FP8 Quantization¶
Overview¶
FP8 quantization converts BF16/FP16 weights to FP8 at model load time. Online activation scaling is the default and does not require calibration. Static activation scaling is supported when calibrated scale information is available. For ModelOpt-produced pre-quantized checkpoints, see ModelOpt Quantization.
Some architectures can quantize all linear layers. Others have quality-sensitive layers that should stay in BF16 through ignored_layers. Image-stream MLPs (img_mlp) are a common sensitive target because denoising latent ranges shift across timesteps and small per-layer errors can compound in deep DiT blocks.
Hardware Support¶
| Device | Support |
|---|---|
| NVIDIA Blackwell GPU (SM 100+) | ✅ |
| NVIDIA Ada/Hopper GPU (SM 89+) | ✅ |
| NVIDIA Ampere GPU (SM 80+) | ✅ |
| AMD ROCm | ⭕ |
| Intel XPU | ⭕ |
| Ascend NPU | ❌ |
Legend: ✅ supported, ❌ unsupported, ⭕ not verified in this guide. FP8 on Ampere may use a weight-only path where available.
Model Type Support¶
Diffusion Model (Qwen-Image, Wan2.2)¶
| Model | HF models | Online | Pre-calibrated | Recommendation | ignored_layers | Text-Encoder quantization |
|---|---|---|---|---|---|---|
| Qwen-Image | Qwen/Qwen-Image, Qwen/Qwen-Image-2512 | Yes | Yes | Skip sensitive image-stream MLPs when quality regresses | img_mlp | |
| Wan2.2 | Wan2.2 diffusion pipelines | Not validated | Not validated | Validate against BF16 before documenting as supported | TBD | |
| Z-Image | Tongyi-MAI/Z-Image-Turbo | Yes | Yes | All layers | None | ✅︎ |
| FLUX.1 | black-forest-labs/FLUX.1-dev, black-forest-labs/FLUX.1-schnell | Yes | Yes | All layers | None | |
| FLUX.2-klein | black-forest-labs/FLUX.2-klein-4B | Yes | Yes | All layers | None | |
| HunyuanImage-3.0 | tencent/HunyuanImage-3.0, tencent/HunyuanImage-3.0-Instruct | Yes | Yes | All layers; use the Hunyuan stage config for multi-stage runs | None | |
| HunyuanVideo-1.5 | hunyuanvideo-community/HunyuanVideo-1.5-Diffusers-480p_t2v, 720p_t2v, 480p_i2v | Yes | Yes | All layers | None |
Multi-Stage Omni/TTS Model (Qwen3-Omni, Qwen3-TTS)¶
| Model | Scope | Format | Status |
|---|---|---|---|
| Qwen3-Omni | Thinker language-model stage | ModelOpt quant_algo=FP8 | Tested for thinker memory reduction |
| Qwen3-TTS | TTS language-model stage | Checkpoint config | Not validated |
Audio encoder, vision encoder, talker, and code2wav stay in BF16 unless a model-specific guide says otherwise.

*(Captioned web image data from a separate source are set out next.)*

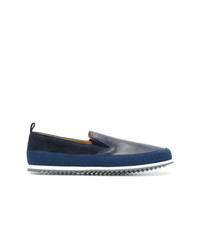 dunkelblaue Slip-On Sneakers aus Leder von Car Shoe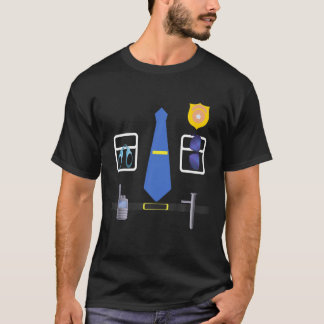 Camiseta Figurino Halloween Kids Polícia Uniforme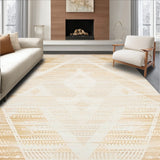 Boho Chic Area with Distressed Abstract Geometric(Beige)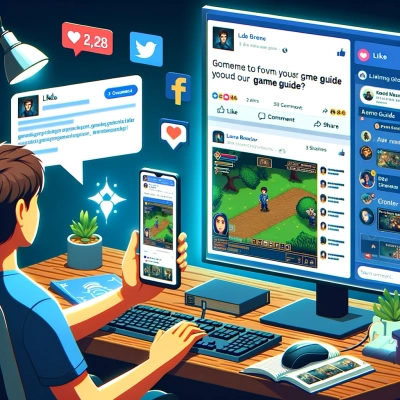 someone promoting their game guide on social media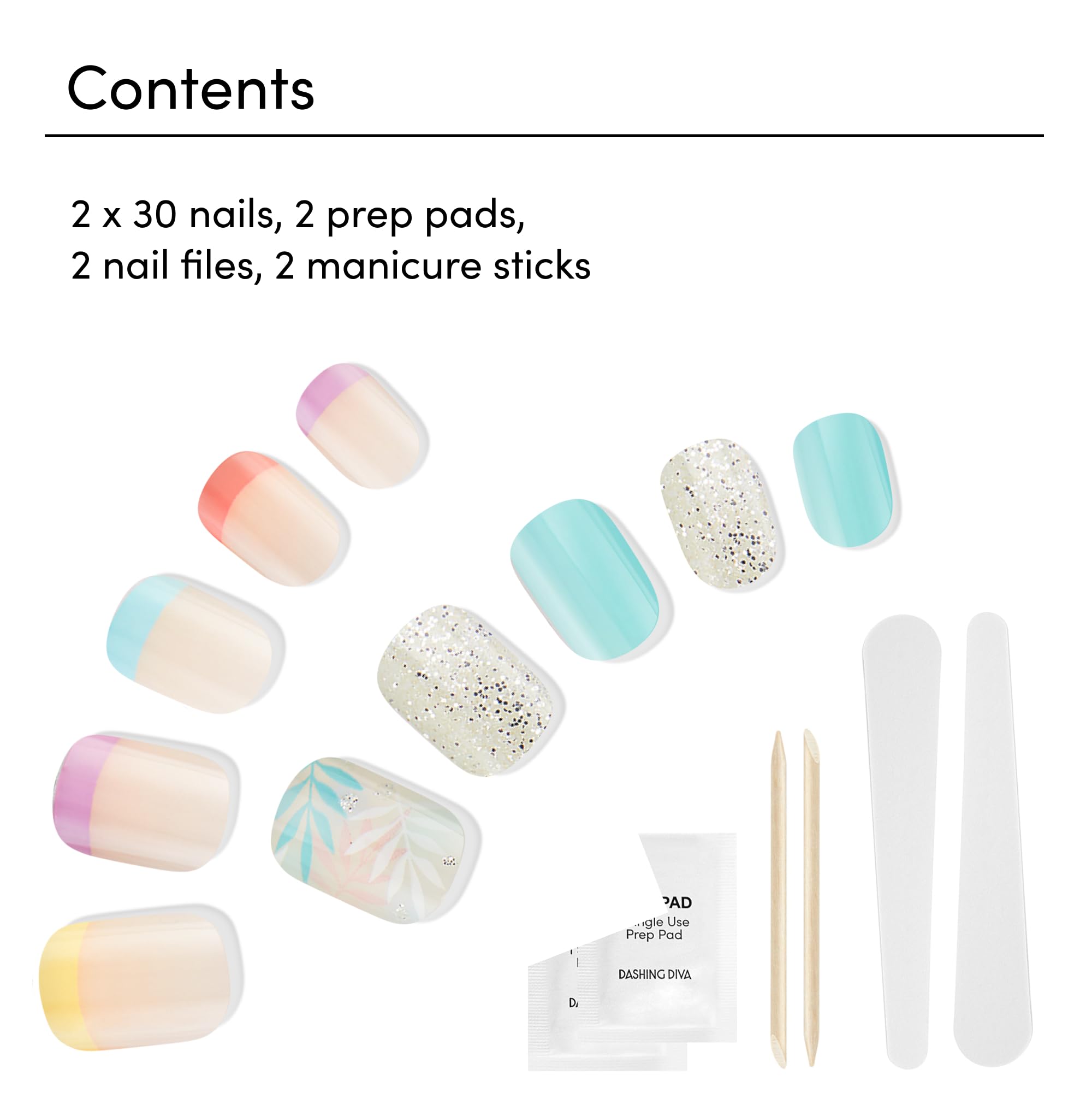 Dashing Diva Magic Press Nail Bundle - On An Island Collection - Square Press On Nails - Eternal Youth & Stay Palm - Long Lasting Gel - Lasts Up to 7 Days - 2 Sets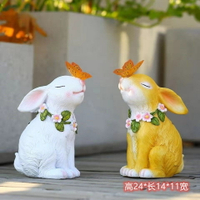 創意太陽能燈兔子擺件陽臺花園庭院別墅戶外布置可愛動物雕塑裝飾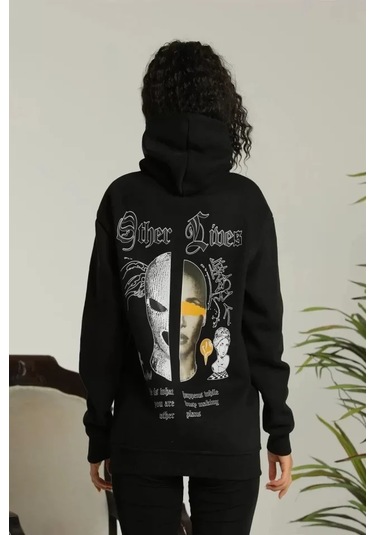 Tua Moda Sırt Baskılı Oversize Üç İplik Kapüşonlu Sweatshirt - Siyah Siyah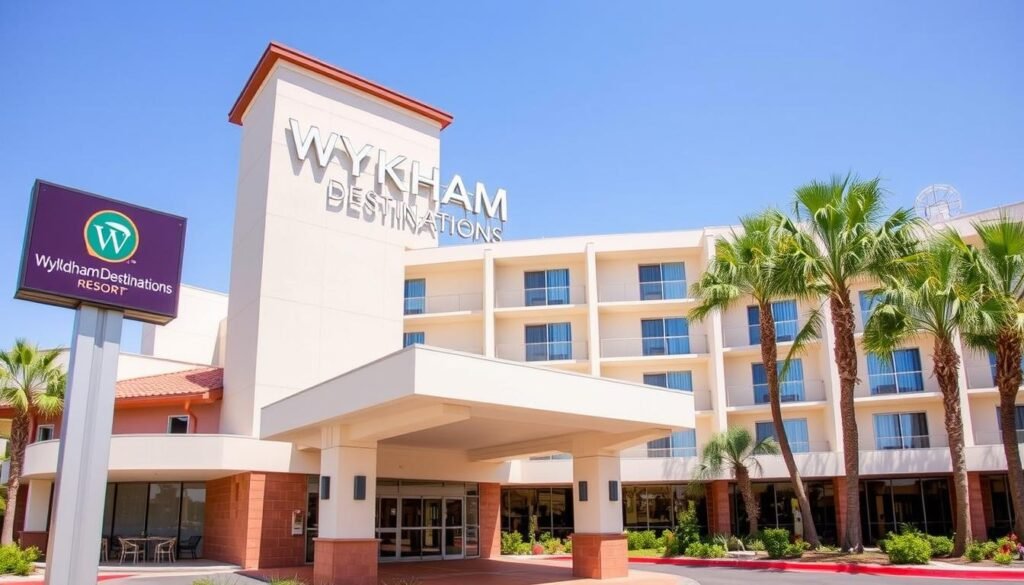Wyndham Destinations resort exterior with signage, relevant to how to cancel your timeshare with this company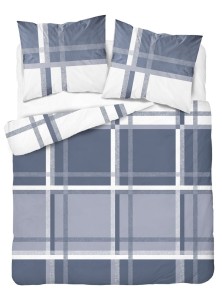 Pościel satynowa 220x200 Home Satin 40 niebieska biała kratka-2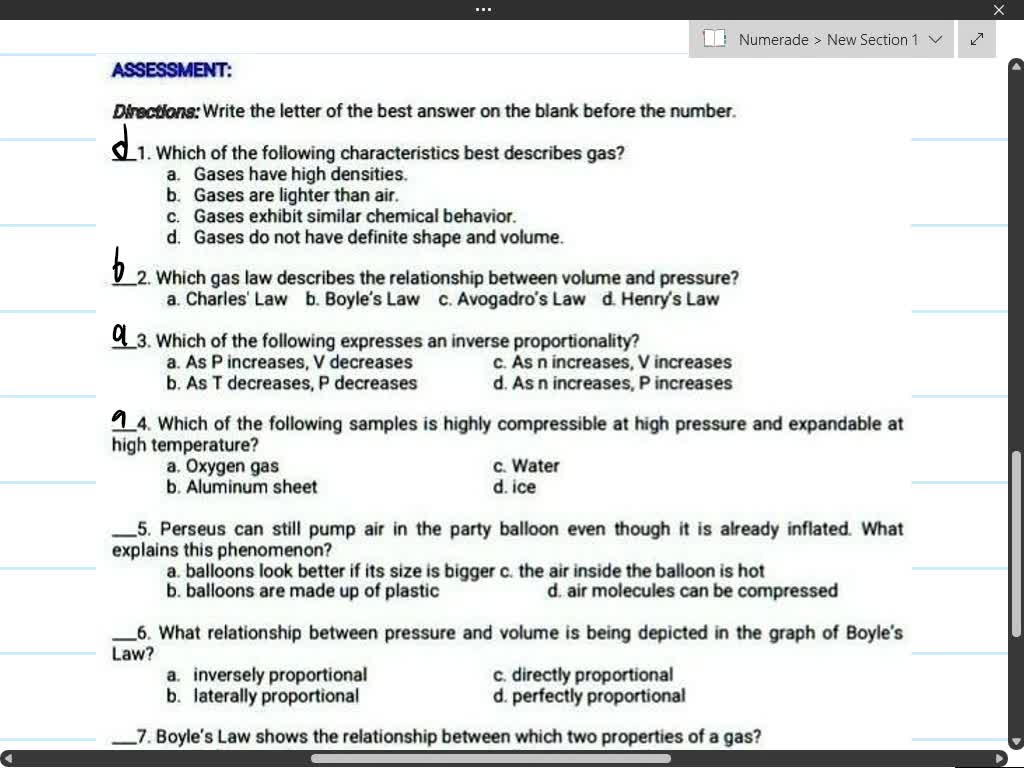 SOLVED Boyle's Law Which one of the three variables Pressure, Volume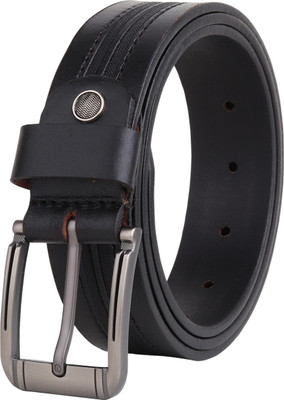 LOOPA Men Formal, Casual, Evening, Party Black Genuine Leather Belt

Multi-Stage Diffusion Model (BAGEL, GLM-Image)¶
| Model | Scope | Status | Notes |
|---|---|---|---|
| BAGEL | Stage-specific transformer or DiT module | Not validated | Route FP8 to the intended stage before enabling |
| GLM-Image | Stage-specific transformer or DiT module | Not validated | Validate quality against BF16 baseline |
Configuration¶
Python API:
from vllm_omni import Omni
from vllm_omni.inputs.data import OmniDiffusionSamplingParams
omni = Omni(model="<your-model>", quantization="fp8")
omni_with_skips = Omni(
model="<your-model>",
quantization_config={
"method": "fp8",
"ignored_layers": ["img_mlp"],
},
)
outputs = omni.generate(
"A cat sitting on a windowsill",
OmniDiffusionSamplingParams(num_inference_steps=50),
)
CLI:
python text_to_image.py --model <your-model> --quantization fp8
python text_to_image.py --model <your-model> --quantization fp8 --ignored-layers "img_mlp"

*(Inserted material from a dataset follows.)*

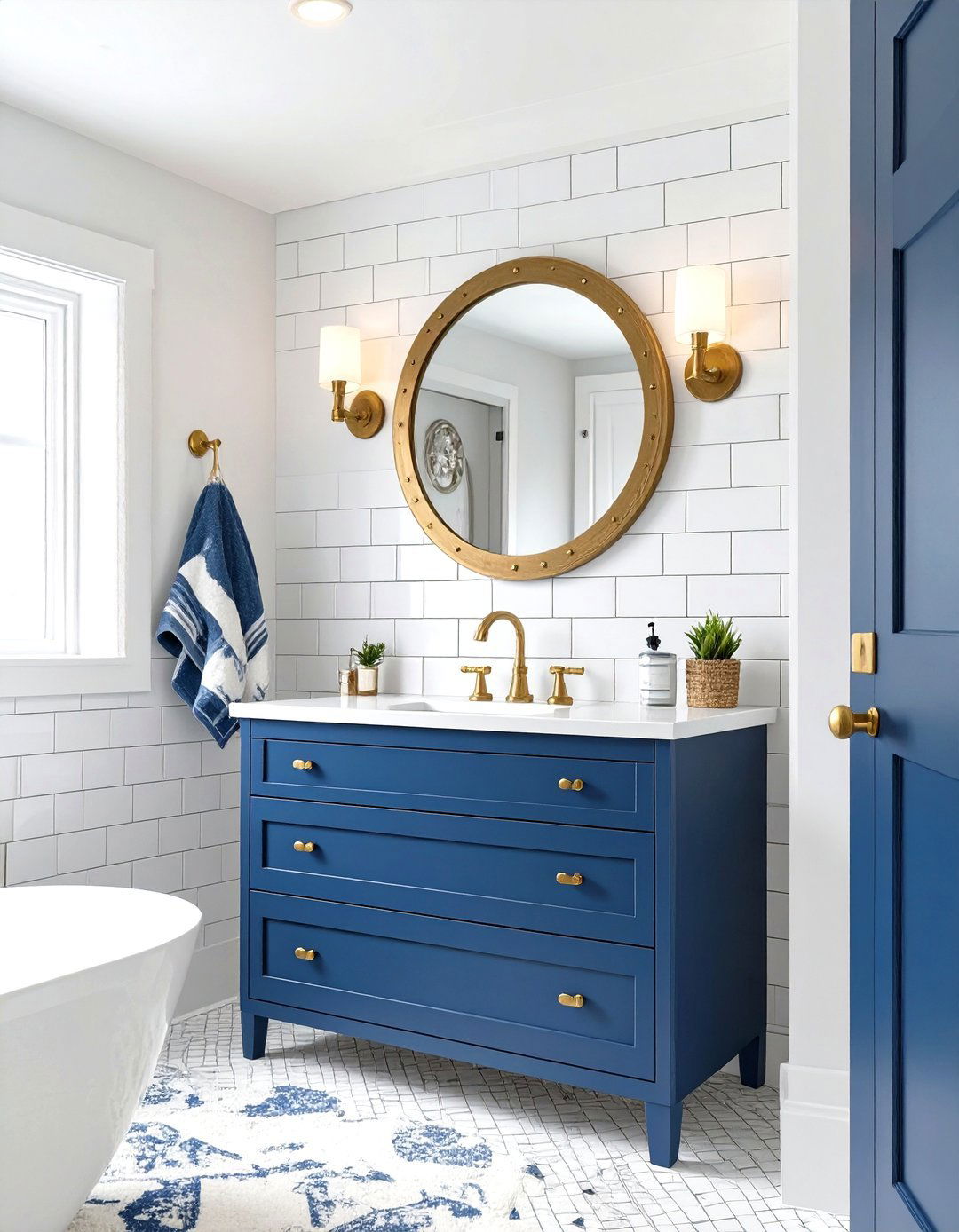 Nautical Navy and White Bathroom - 30 mens bathroom ideas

vllm serve <your-model> --omni --quantization fp8
Parameters¶
| Parameter | Type | Default | Description |
|---|---|---|---|
method | str | - | Quantization method ("fp8") |
ignored_layers | list[str] | [] | Layer name patterns to keep in BF16 |
activation_scheme | str | "dynamic" | "dynamic" selects online activation scaling, or "static" when scales are available |
weight_block_size | list[int] | None | None | Block size for block-wise weight quantization |
The available ignored_layers names depend on the model architecture, for example to_qkv, to_out, img_mlp, or txt_mlp.
Validation and Notes¶
FP8 quantization can be combined with cache acceleration:
omni = Omni(
model="<your-model>",
quantization="fp8",
cache_backend="tea_cache",
cache_config={"rel_l1_thresh": 0.2},
)
Compare generated outputs with a BF16 baseline before adding a new model to the supported table. GLM-Image and Helios are not listed as FP8-supported diffusion models until they have method-specific validation.